Exercise directions:
Every record below is to be restated word for word, and no picture is to be copied.
── Supplied material
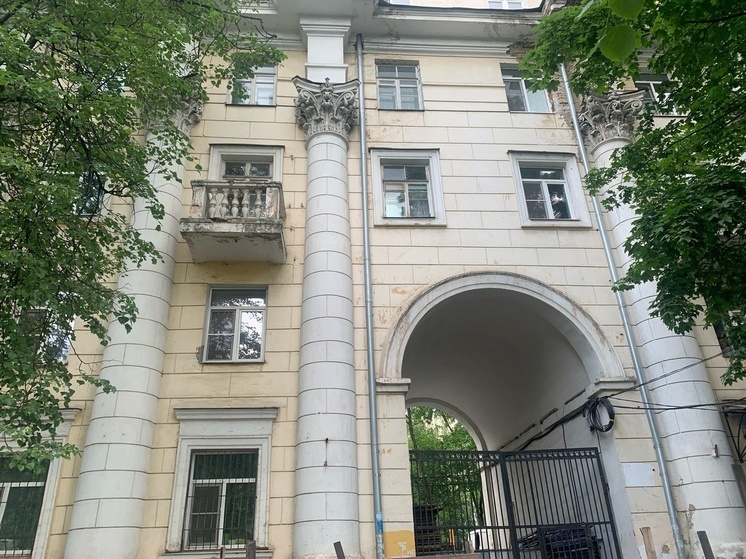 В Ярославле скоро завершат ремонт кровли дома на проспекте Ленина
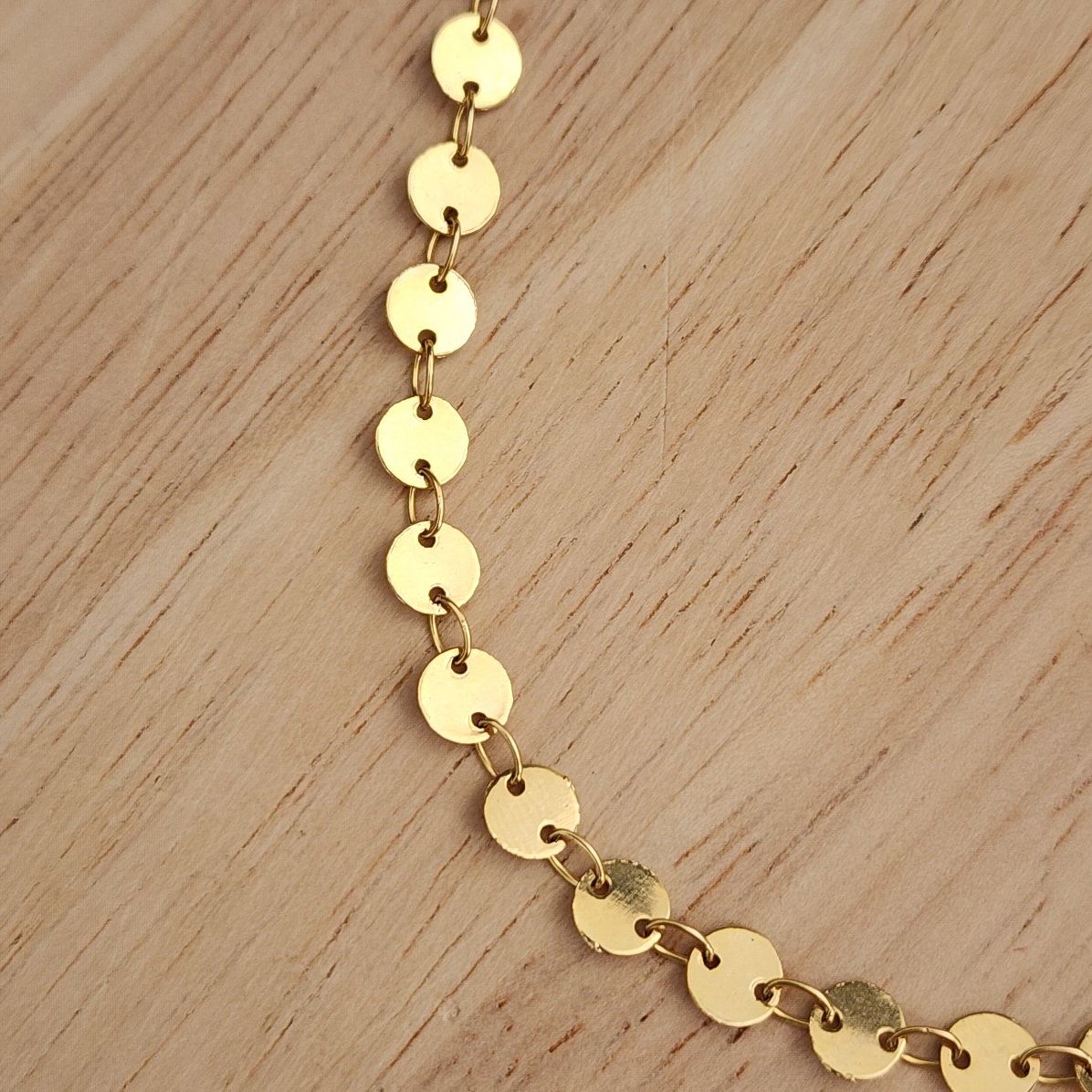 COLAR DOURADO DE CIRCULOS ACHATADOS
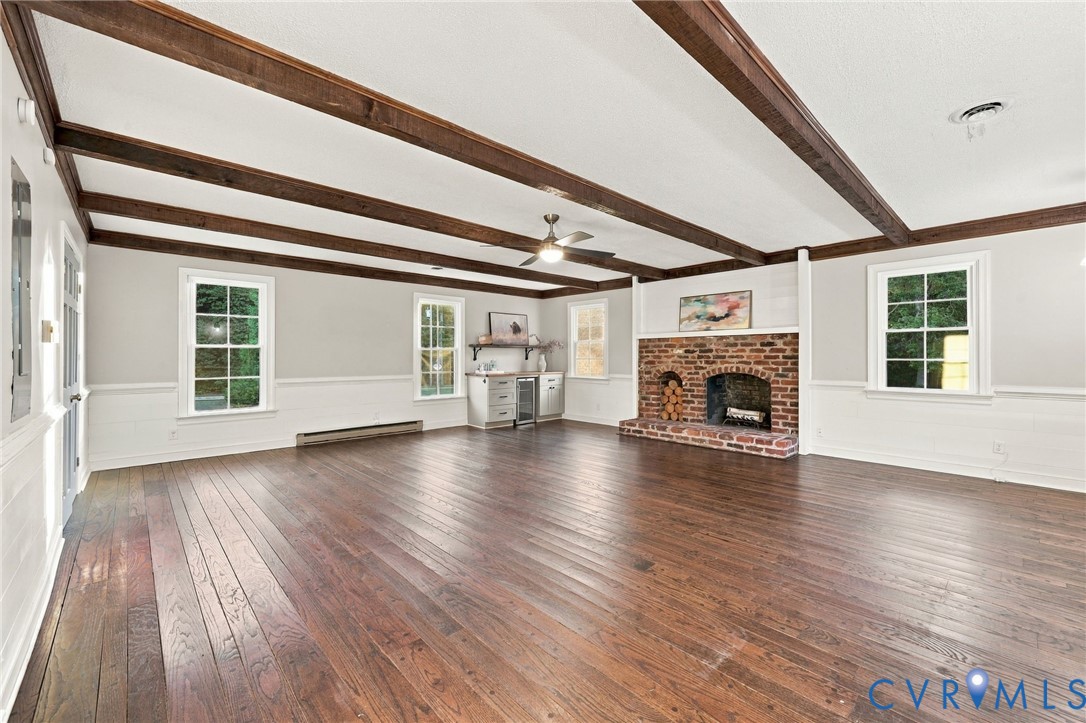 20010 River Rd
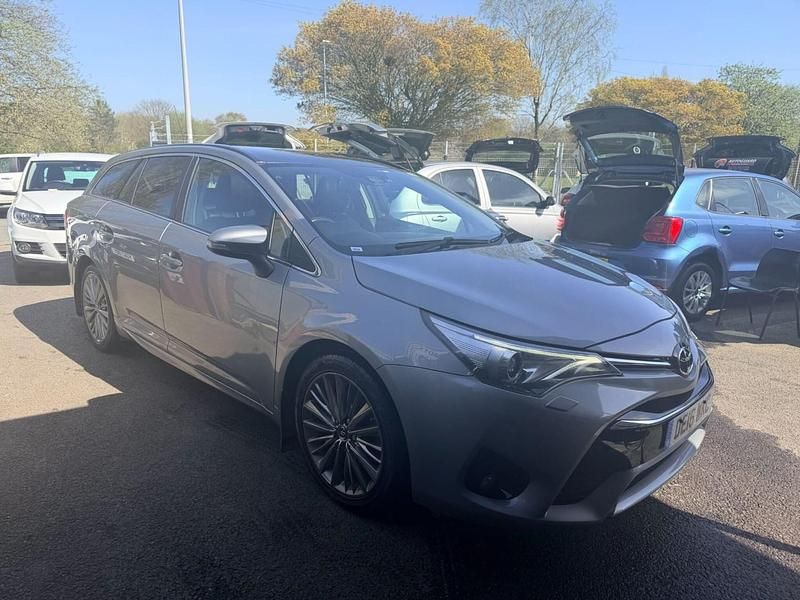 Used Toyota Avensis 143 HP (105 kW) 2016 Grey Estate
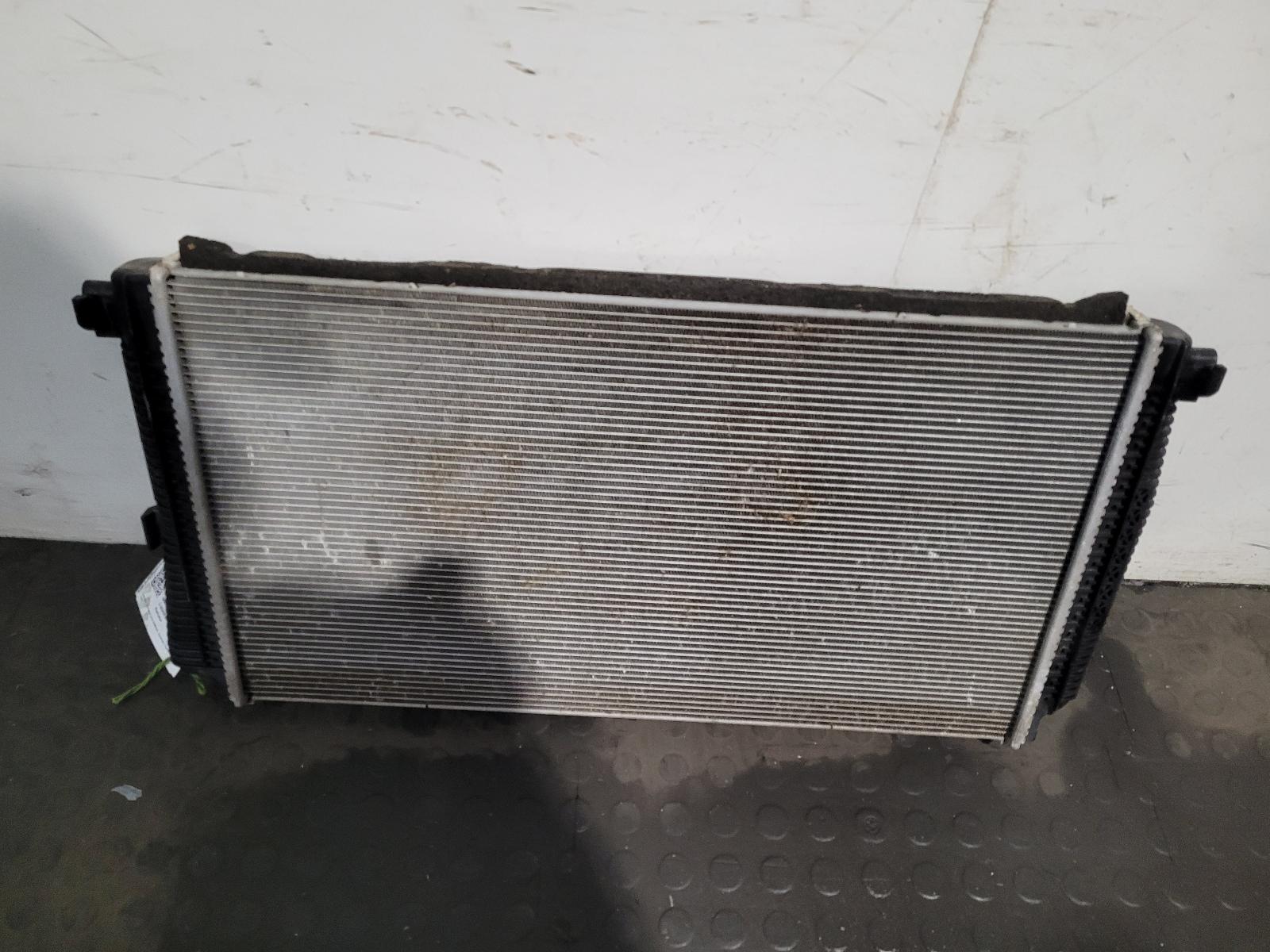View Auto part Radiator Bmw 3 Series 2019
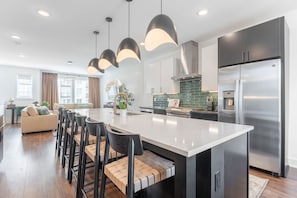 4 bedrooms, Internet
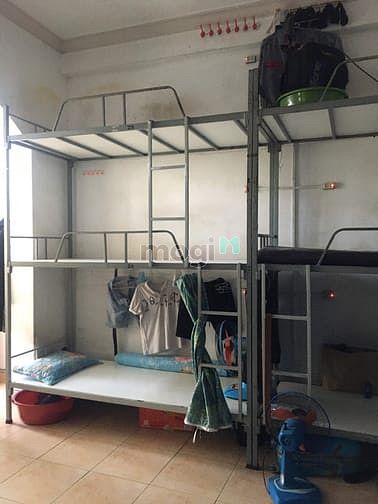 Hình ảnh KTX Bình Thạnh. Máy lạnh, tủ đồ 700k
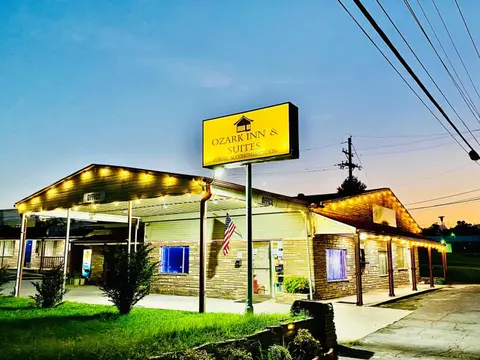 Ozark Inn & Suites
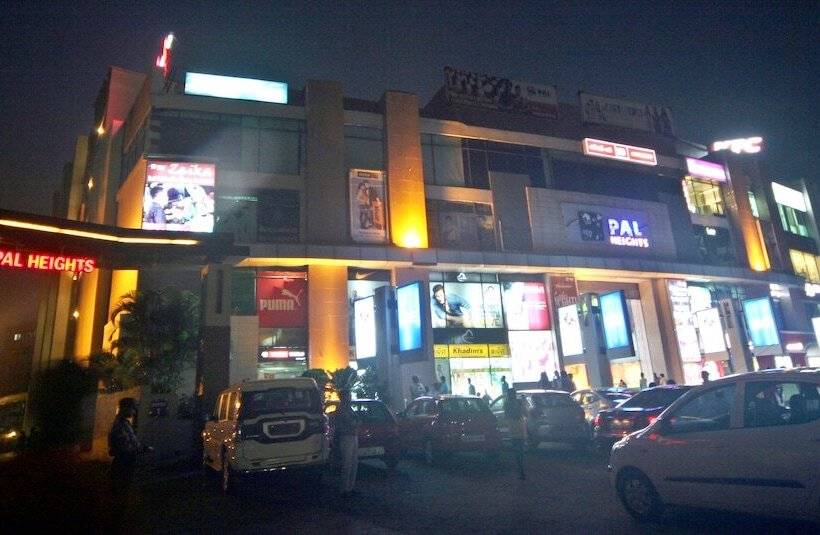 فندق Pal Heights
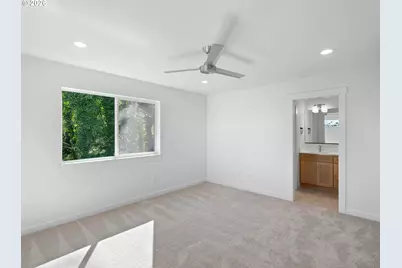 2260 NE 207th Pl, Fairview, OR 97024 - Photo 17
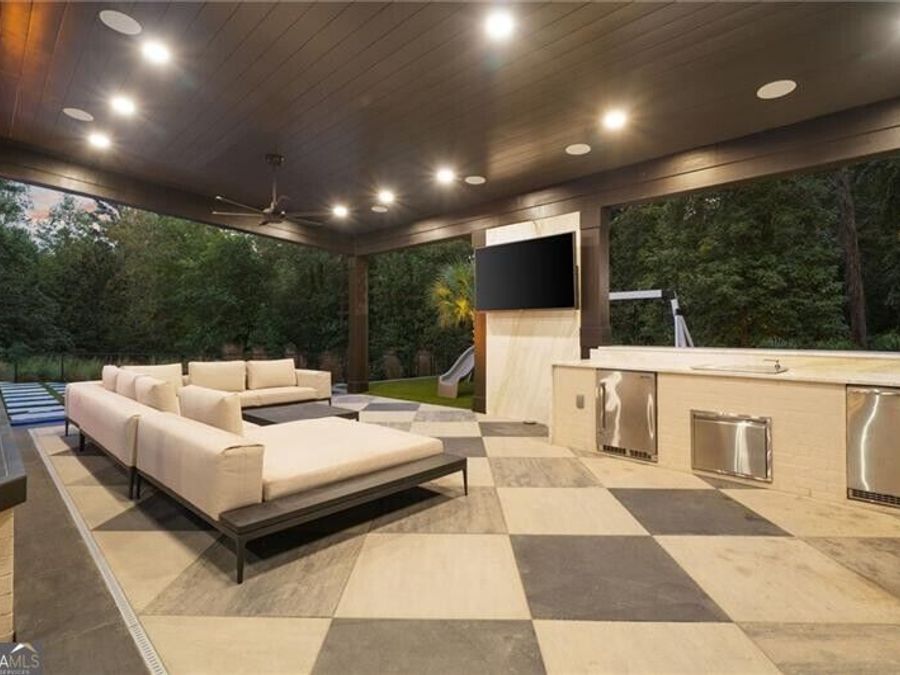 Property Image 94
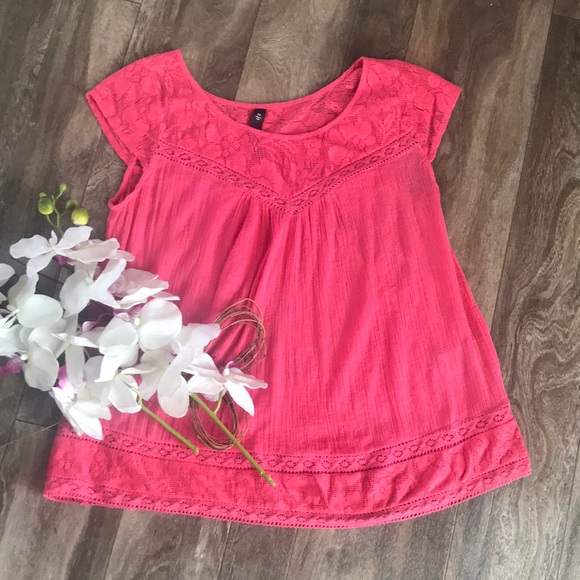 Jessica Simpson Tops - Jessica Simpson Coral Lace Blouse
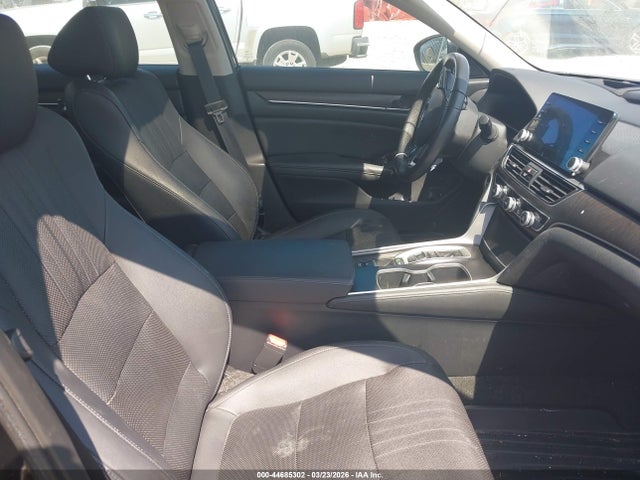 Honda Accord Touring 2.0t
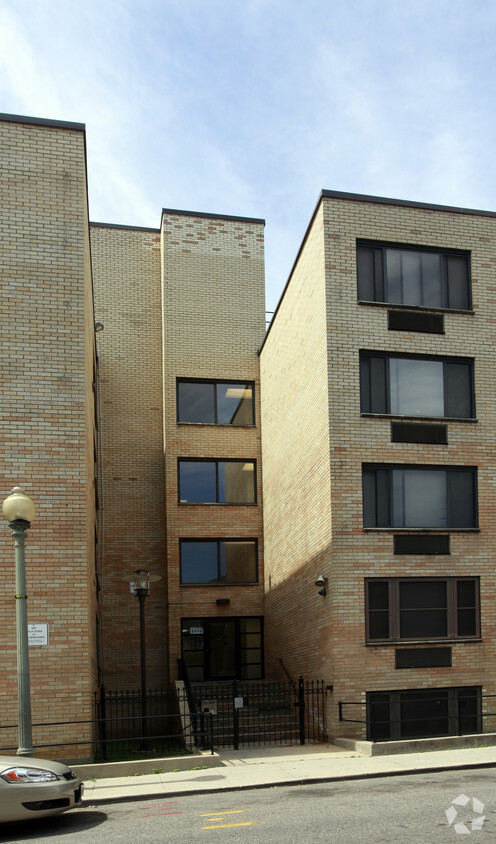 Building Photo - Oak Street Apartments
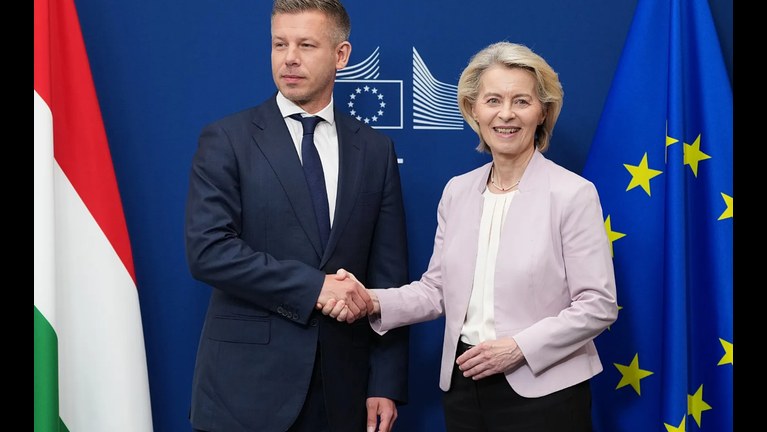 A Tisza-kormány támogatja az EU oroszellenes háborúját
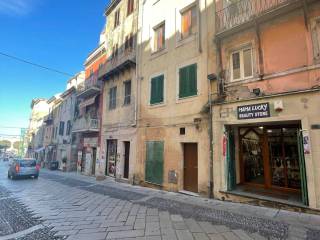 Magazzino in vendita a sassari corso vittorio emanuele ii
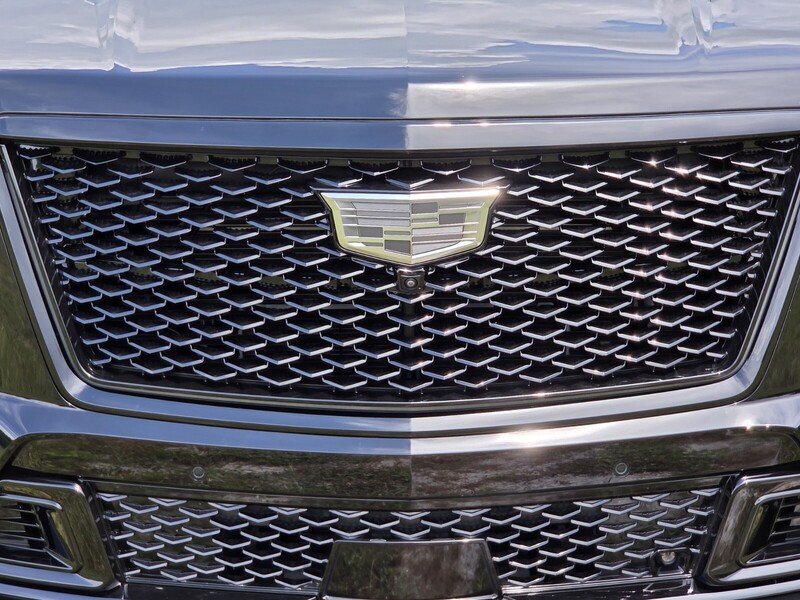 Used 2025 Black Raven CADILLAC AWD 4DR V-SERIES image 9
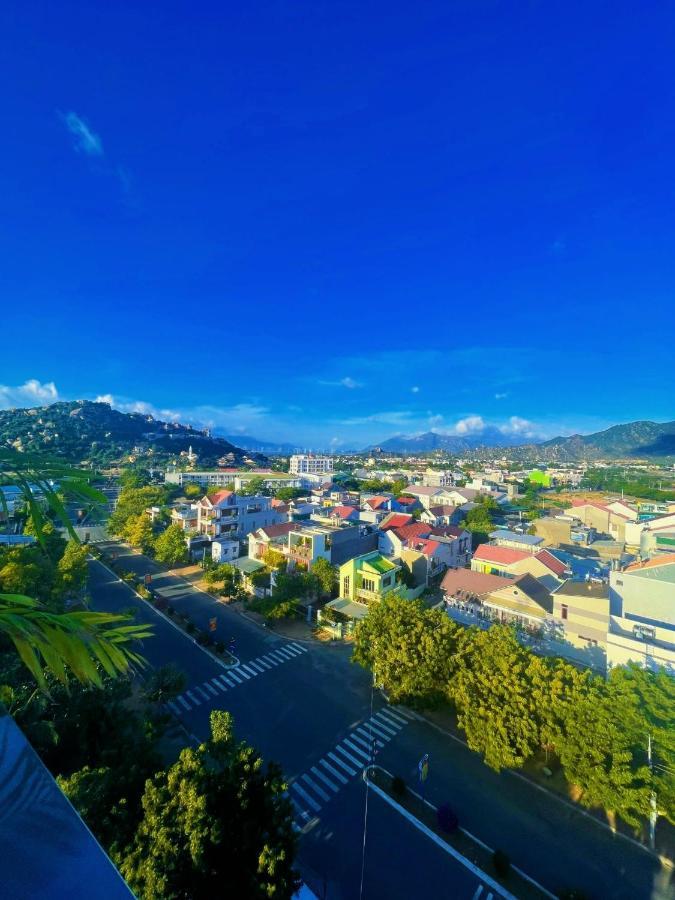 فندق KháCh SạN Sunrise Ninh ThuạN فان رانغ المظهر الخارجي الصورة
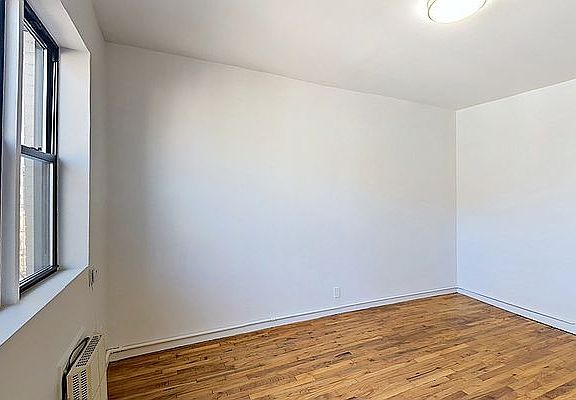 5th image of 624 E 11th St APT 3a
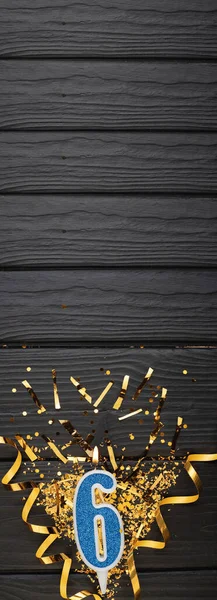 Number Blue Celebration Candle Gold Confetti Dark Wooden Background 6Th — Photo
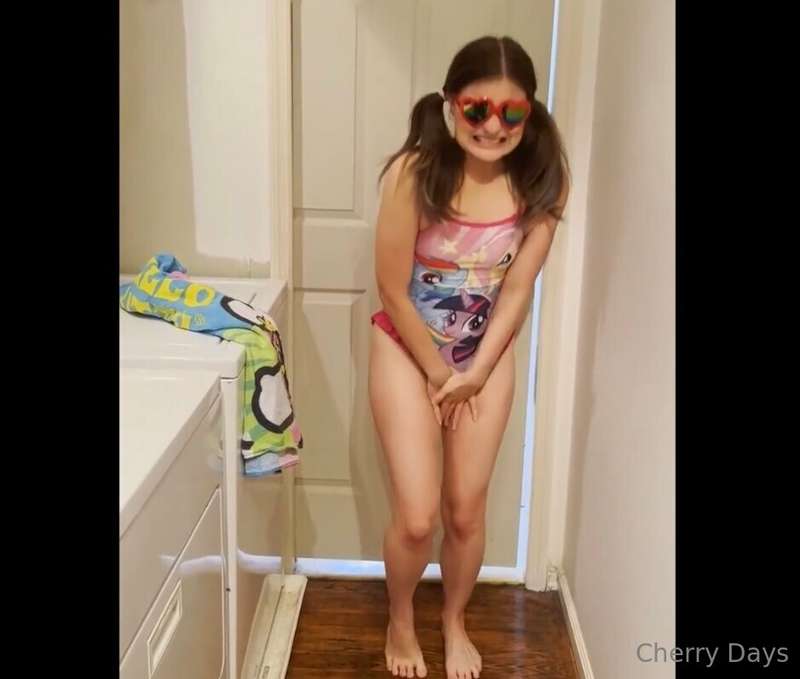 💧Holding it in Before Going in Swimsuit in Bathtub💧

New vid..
────
Answer area:
 В Ярославле скоро завершат ремонт кровли дома на проспекте Ленина
 COLAR DOURADO DE CIRCULOS ACHATADOS
 20010 River Rd
 Used Toyota Avensis 143 HP (105 kW) 2016 Grey Estate
View Auto part Radiator Bmw 3 Series 2019
 4 bedrooms, Internet
 Hình ảnh KTX Bình Thạnh. Máy lạnh, tủ đồ 700k
 Ozark Inn & Suites
 فندق Pal Heights
 2260 NE 207th Pl, Fairview, OR 97024 - Photo 17
 Property Image 94
 Jessica Simpson Tops - Jessica Simpson Coral Lace Blouse
 Honda Accord Touring 2.0t
 Building Photo - Oak Street Apartments
 A Tisza-kormány támogatja az EU oroszellenes háborúját
 Magazzino in vendita a sassari corso vittorio emanuele ii
 Used 2025 Black Raven CADILLAC AWD 4DR V-SERIES image 9
 فندق KháCh SạN Sunrise Ninh ThuạN فان رانغ المظهر الخارجي الصورة
 5th image of 624 E 11th St APT 3a
 Number Blue Celebration Candle Gold Confetti Dark Wooden Background 6Th — Photo
 💧Holding it in Before Going in Swimsuit in Bathtub💧

New vid..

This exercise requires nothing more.